* _Aim of the task_: Exact copies are required of the lines from the line containing "Vcard Responsive CV WordPress Theme Preview" through the final line of the listing, both included, and of no other lines.
BEGIN
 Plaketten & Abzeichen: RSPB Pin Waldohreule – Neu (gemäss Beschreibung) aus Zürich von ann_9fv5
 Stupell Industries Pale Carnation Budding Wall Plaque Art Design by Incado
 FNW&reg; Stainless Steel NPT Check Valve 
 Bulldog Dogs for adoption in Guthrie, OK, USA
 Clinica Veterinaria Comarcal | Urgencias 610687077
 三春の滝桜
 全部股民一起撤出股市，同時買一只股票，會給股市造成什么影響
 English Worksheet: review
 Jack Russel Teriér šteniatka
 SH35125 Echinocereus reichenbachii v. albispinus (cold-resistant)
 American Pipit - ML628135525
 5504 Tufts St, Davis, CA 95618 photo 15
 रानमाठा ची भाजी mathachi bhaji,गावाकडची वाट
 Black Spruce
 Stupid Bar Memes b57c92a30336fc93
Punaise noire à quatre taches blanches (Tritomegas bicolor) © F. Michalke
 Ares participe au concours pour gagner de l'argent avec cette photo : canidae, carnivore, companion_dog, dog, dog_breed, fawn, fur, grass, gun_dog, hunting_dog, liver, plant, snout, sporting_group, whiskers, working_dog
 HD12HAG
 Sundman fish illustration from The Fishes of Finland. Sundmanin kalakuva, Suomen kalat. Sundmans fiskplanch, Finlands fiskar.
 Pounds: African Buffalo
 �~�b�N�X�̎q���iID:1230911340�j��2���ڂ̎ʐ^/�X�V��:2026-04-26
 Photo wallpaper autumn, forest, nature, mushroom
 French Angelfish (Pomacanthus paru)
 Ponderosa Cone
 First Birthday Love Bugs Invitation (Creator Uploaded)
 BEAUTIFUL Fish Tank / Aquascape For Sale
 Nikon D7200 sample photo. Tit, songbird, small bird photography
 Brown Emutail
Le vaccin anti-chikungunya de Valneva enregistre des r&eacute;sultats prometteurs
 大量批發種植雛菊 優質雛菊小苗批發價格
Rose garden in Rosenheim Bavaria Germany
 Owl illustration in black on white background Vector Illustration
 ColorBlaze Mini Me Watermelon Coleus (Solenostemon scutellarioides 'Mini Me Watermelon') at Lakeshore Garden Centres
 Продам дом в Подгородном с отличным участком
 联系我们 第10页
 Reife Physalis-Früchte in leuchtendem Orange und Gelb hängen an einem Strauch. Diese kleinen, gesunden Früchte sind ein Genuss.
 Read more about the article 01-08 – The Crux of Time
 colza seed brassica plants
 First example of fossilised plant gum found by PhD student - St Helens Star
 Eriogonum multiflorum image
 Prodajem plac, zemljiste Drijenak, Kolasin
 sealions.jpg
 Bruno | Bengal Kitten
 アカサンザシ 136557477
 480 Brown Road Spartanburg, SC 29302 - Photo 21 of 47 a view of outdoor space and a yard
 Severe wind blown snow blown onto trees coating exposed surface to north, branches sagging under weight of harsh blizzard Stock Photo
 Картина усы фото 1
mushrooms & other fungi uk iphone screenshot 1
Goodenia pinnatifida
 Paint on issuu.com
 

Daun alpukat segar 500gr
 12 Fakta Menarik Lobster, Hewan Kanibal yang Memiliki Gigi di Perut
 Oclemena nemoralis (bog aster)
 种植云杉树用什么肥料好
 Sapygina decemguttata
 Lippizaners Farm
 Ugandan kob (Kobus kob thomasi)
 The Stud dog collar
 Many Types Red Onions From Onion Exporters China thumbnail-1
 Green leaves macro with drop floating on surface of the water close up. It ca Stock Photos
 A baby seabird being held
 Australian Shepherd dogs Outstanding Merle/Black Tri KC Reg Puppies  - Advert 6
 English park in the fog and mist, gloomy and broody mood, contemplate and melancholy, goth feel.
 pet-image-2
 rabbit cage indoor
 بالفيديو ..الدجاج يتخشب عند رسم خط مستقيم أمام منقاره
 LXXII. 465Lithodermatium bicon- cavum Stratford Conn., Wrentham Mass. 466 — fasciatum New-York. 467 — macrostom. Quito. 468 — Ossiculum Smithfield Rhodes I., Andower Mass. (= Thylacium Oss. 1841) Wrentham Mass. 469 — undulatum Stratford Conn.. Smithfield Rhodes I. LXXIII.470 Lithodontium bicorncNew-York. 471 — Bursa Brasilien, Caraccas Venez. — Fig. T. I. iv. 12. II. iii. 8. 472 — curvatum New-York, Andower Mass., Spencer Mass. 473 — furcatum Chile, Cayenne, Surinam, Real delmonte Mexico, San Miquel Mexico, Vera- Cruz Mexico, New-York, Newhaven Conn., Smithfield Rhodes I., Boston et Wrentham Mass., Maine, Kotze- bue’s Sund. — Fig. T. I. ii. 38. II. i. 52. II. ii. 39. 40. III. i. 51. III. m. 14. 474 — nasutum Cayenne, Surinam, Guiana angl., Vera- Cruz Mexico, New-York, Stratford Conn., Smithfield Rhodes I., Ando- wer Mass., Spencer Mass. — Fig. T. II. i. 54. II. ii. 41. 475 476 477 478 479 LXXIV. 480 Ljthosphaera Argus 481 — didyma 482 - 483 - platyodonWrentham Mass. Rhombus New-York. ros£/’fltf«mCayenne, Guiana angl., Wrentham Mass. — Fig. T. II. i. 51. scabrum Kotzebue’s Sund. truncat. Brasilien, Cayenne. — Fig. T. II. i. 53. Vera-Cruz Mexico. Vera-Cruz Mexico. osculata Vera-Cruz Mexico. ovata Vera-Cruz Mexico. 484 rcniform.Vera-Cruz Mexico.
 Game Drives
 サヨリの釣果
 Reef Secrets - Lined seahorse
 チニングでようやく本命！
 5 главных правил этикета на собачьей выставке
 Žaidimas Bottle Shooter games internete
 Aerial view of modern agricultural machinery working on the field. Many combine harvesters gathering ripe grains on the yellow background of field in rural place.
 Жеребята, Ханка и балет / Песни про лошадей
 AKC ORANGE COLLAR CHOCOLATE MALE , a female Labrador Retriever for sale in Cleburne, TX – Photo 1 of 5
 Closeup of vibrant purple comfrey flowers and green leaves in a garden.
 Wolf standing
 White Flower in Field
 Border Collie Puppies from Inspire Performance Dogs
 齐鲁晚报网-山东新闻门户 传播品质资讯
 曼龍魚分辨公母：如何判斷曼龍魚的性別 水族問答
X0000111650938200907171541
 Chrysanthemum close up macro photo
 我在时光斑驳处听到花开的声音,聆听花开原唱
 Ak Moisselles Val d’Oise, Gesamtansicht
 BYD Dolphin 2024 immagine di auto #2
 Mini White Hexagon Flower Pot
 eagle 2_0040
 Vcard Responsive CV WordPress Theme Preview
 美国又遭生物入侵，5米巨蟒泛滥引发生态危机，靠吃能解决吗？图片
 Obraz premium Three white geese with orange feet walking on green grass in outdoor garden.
END
* _Written answer_:
 Vcard Responsive CV WordPress Theme Preview
 美国又遭生物入侵，5米巨蟒泛滥引发生态危机，靠吃能解决吗？图片
 Obraz premium Three white geese with orange feet walking on green grass in outdoor garden.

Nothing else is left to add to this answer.